Wouldn’t it be nice to build plans by yourself, to make your own decisions, and to work according to your ideal schedule? All this sounds alluring, but before enjoying the benefits you need to put in the effort to start a business abroad.
This could prove to be extra difficult abroad, because there are new rules and regulations that you need to go by and it can be more difficult to find them all in a foreign country. We’d like to help! We’ve created this step-by-step list that will be very useful for you if you’re thinking about taking this big step.
And whenever you need help or advice, you know you can always call your loved ones wherever they may be with KeepCalling. After all, it’s not important to have all the answers, but to have the phone number of the people who do. 😉
1. Check the legal requirements
The first thing to take into consideration when you’re contemplating starting a company in a new country is the legal part. If you already have a visa you should check if it allows you to run a business and what limitations there may be on the percentage of a business you are legally allowed to own. In some countries, for example, you will be required to have a local business partner while in others foreigners can only have a minority share in a business.
2. Find your business profile
You may not necessarily have a business idea to start with or you could be looking around for a suitable opportunity. Instead of starting your own company, you may choose to buy an already existing business. Or, if you want to start one from scratch, you could check our 6 expat business ideas for inspiration.
3. Create a business plan
Research the market in your adoptive country and ensure that all your decisions are based on facts and figures. Just because a business concept works extremely well in one location doesn’t necessarily mean that it will be a success somewhere else. Some of the questions you should find answers to are:
- Who are your customers?
- Where will you find them?
- Can they afford your product or services?
- Will the demand be seasonal? Will the demand be enough to support your costs throughout the year?
4. Get your finances in order
When starting a company abroad you will need funds for all sorts of necessities: a location, materials, legal costs, utility bills, advertising, employee salaries, etc. You should ideally have enough money to allow you to survive for a year.

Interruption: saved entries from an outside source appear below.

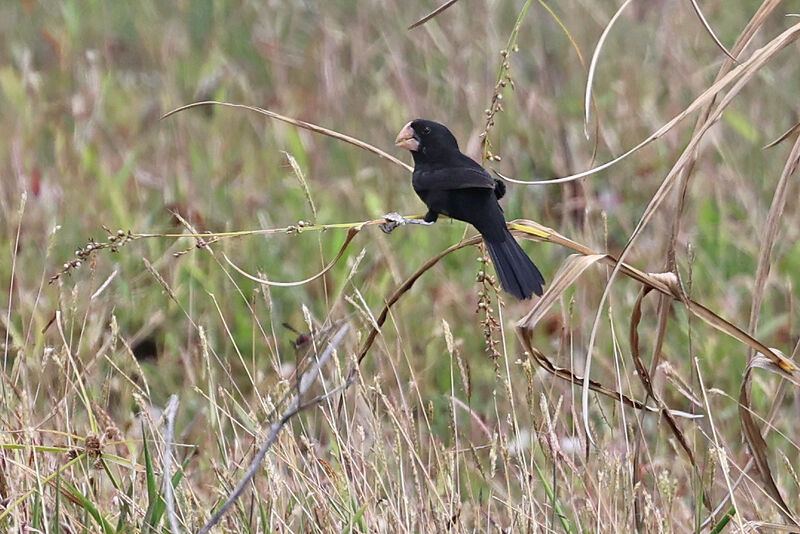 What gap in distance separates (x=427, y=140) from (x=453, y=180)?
1.14 feet

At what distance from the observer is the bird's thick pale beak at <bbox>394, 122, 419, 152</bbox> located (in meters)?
2.30

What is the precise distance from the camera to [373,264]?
443cm

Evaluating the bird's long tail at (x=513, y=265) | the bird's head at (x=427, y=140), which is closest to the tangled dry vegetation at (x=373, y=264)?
the bird's long tail at (x=513, y=265)

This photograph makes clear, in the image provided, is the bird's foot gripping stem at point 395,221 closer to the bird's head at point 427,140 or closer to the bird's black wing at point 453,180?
the bird's black wing at point 453,180

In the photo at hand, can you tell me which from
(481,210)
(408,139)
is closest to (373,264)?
(408,139)

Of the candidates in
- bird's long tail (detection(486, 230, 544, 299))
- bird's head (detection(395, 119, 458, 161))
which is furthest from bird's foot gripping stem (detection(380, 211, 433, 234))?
bird's head (detection(395, 119, 458, 161))

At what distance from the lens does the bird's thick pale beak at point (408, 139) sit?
2305 mm

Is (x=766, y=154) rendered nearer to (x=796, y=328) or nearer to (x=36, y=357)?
(x=796, y=328)

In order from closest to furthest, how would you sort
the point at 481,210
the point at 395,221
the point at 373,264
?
the point at 395,221
the point at 481,210
the point at 373,264

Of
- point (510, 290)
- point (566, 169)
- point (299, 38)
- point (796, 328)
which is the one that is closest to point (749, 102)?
point (566, 169)

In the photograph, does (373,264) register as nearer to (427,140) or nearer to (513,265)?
(427,140)

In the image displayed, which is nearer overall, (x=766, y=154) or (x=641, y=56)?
(x=766, y=154)

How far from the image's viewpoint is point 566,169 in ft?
15.9

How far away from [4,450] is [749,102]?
4177 millimetres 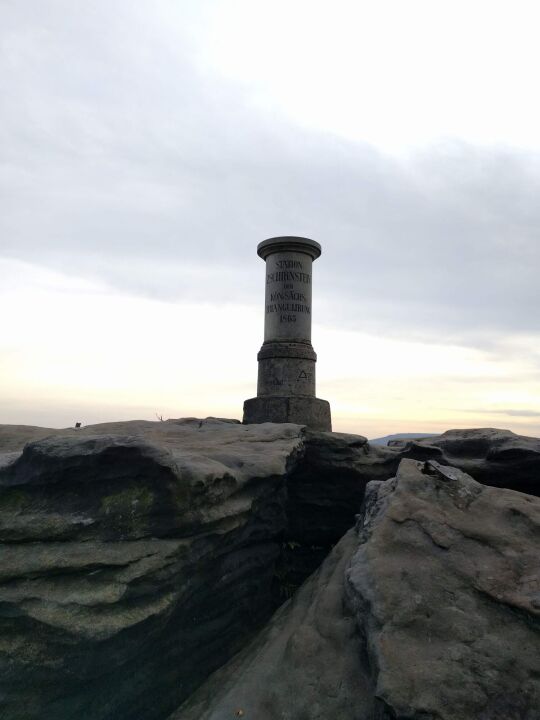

Research the local banks and find out which one offers the best rates for a business account. Find out about international transfer rates, facilities, loans, interest rates, and charges. Open an account and transfer the money you will need into your new account.
5. Learn about taxation
You should always research local taxation and reporting requirements in advance, to make sure that you pay the right amounts of money to the authorities and that you do it in time. Find out about import-export duty, sales tax, and VAT. It may be useful to hire a local accountant to help you with the process and with everything you need to do once you get started.
6. Start enthusiastically
Remember, as a general rule, most businesses can take up to 18 months to get established and to start turning over a profit, so don’t expect the millions to roll in very soon. With patience, enthusiasm, and hard work your business will be on the right track and that’s something you should be proud of. Good luck!